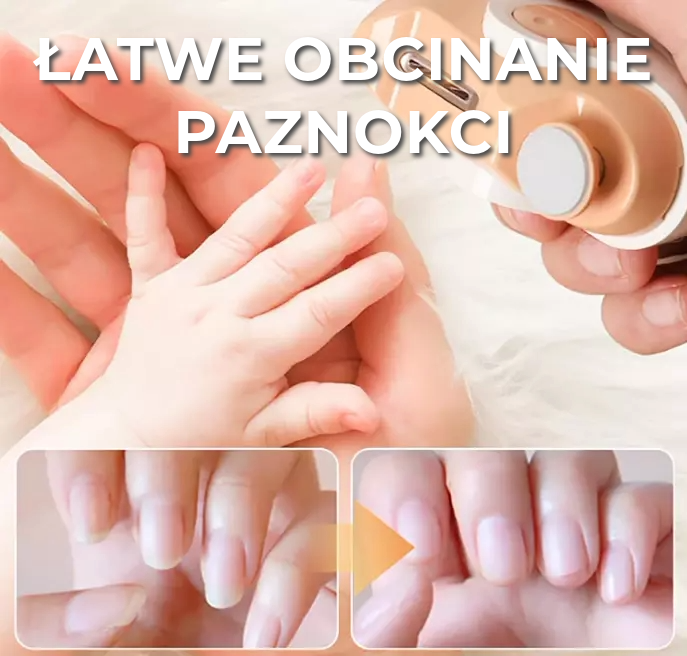 Elektryczna obcinaczka do paznokci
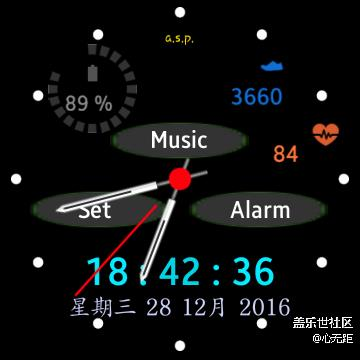 個(gè)人以為S3  Gear 最可用和實(shí)用的傳統(tǒng)表盤（有圖樣）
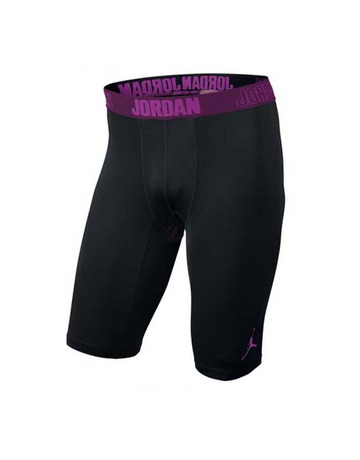 Jordan Short 23 cm AJ All Season Compression (011/negro/fuxia)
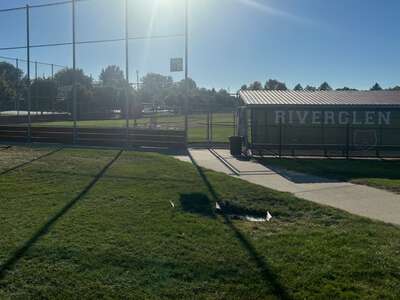 Riverglen Junior High School Baseball Field in Boise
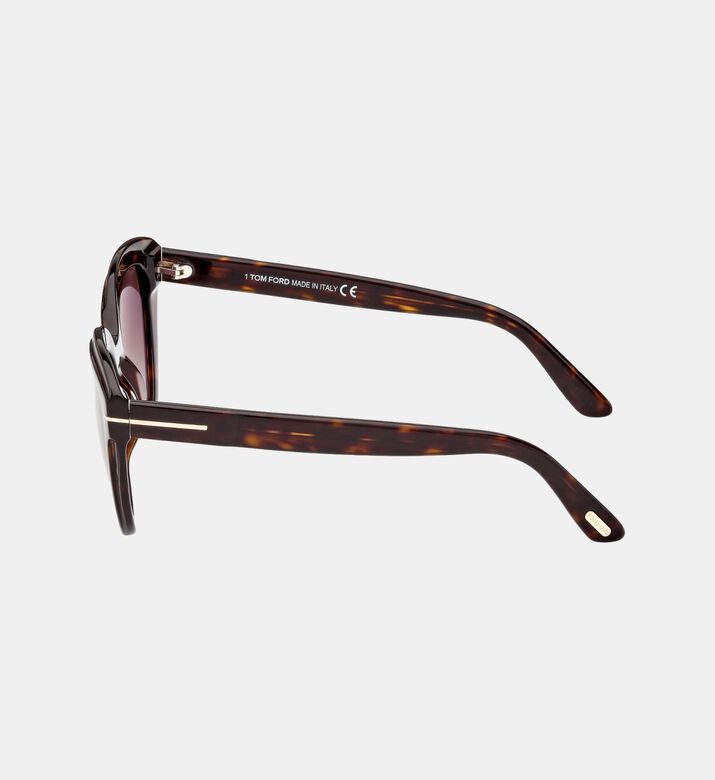Cat-eye Gradient Sunglasses 53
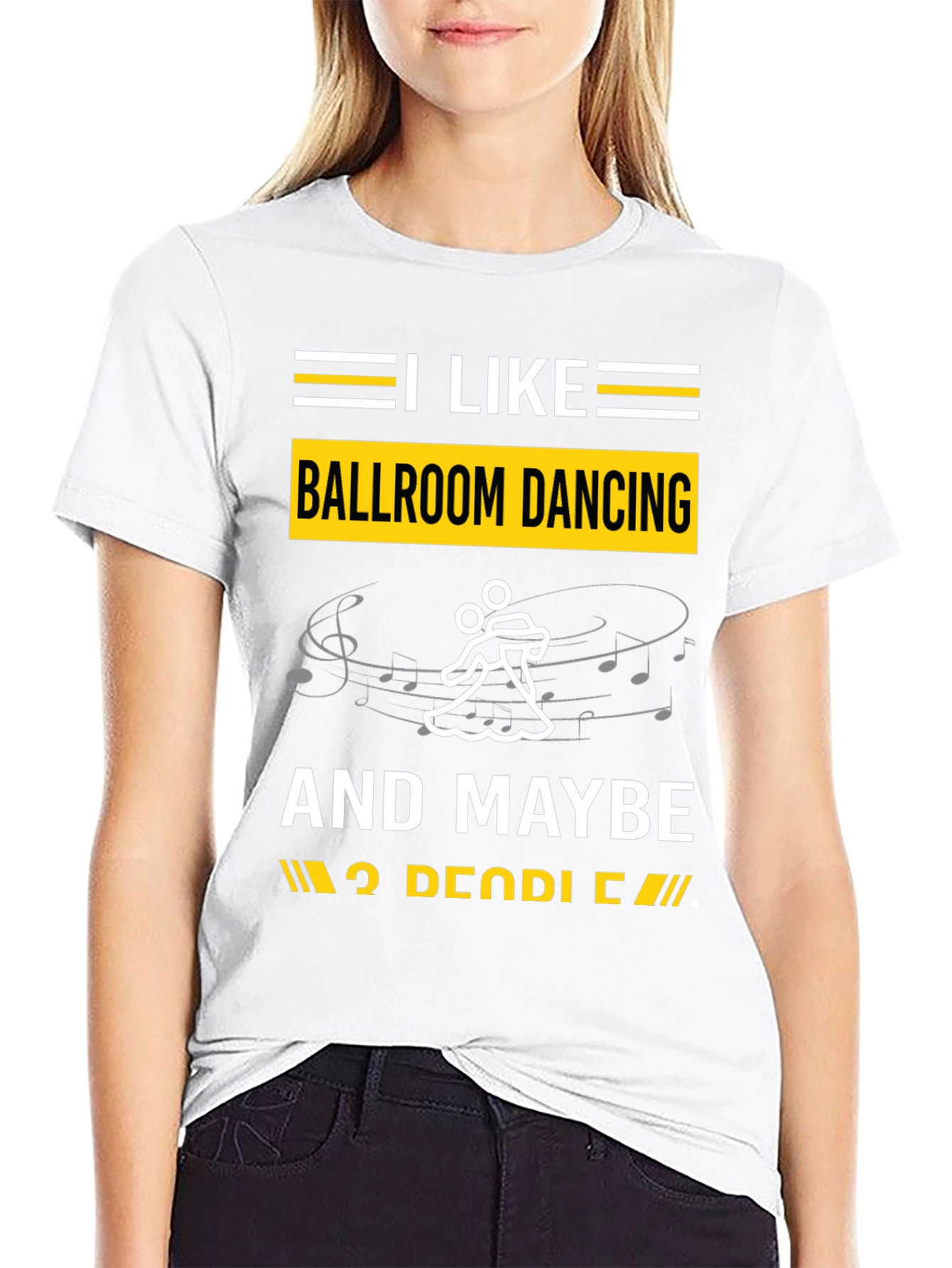Ballroom Dancing Graphic Tee - Dancer Gift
++++++++++++++++++++
#### [Task objective]
Extract only the lines from the one that contains "Cat-eye Gradient Sunglasses 53" through the end of the records, inclusive, and omit every picture.

#### [Result for this exercise]
Cat-eye Gradient Sunglasses 53
Ballroom Dancing Graphic Tee - Dancer Gift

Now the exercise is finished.